A stop at one of the city's best ice cream shops is also a must for those with a sweet tooth. You can find it in Baixa’s Baixa-Chiado area (Rua do Carmo 9). Santini is a traditional italian icecream shop and quite new to Lisbon - opened only since 2010. It has however been very popular in Cascais since 1949. They offer a number of different flavors. Apart from the usual selection there are also some with a local twist - if you feel adventurous you can try one of the cheese flavors. If you want to try different flavors, you can get two even with the smallest cup size (copo pequeno).
You can visit them daily from 10 in the morning till midnight.

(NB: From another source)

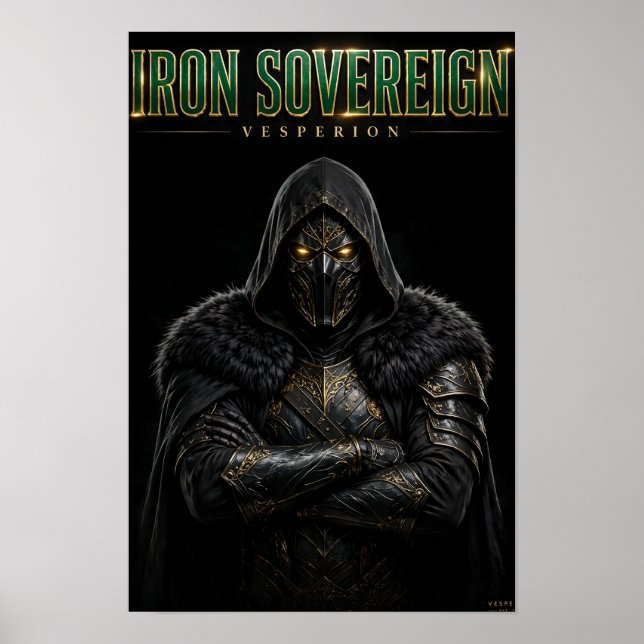Poster Vesperion — Soberano de Ferro (Frente)
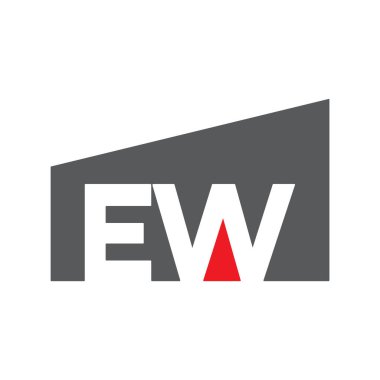 Bir Harf Logosu İş Şablonu Vektör simgesi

There are many more great places apart from these. When trying your luck you just have to follow the usual pointers and you will be fine. You will usually get more for your money if you walk a couple streets away from the busy avenues in the city center.
You can try one of many small family restaurants with only a couple of tables (you can find them at least in Bairro Alto and Alfama districts). These usually do not disappoint but a reservation is a must (try reserving for a few days ahead when you spot one).
I had a great meal in a place like that - a veal steak in creamy coffee sauce. I did not know what to expect and since I am more a tea person then a coffee one, I was a bit skeptical about my choice. It turned out to be extra delicious and I cleared my plate in a flash. I have to find a recipe for it somewhere.

At first I intended to also write about local drinks you should not miss when in Lisbon but this post is getting too long even as it is. If wine is your thing you should definitely check out my next post.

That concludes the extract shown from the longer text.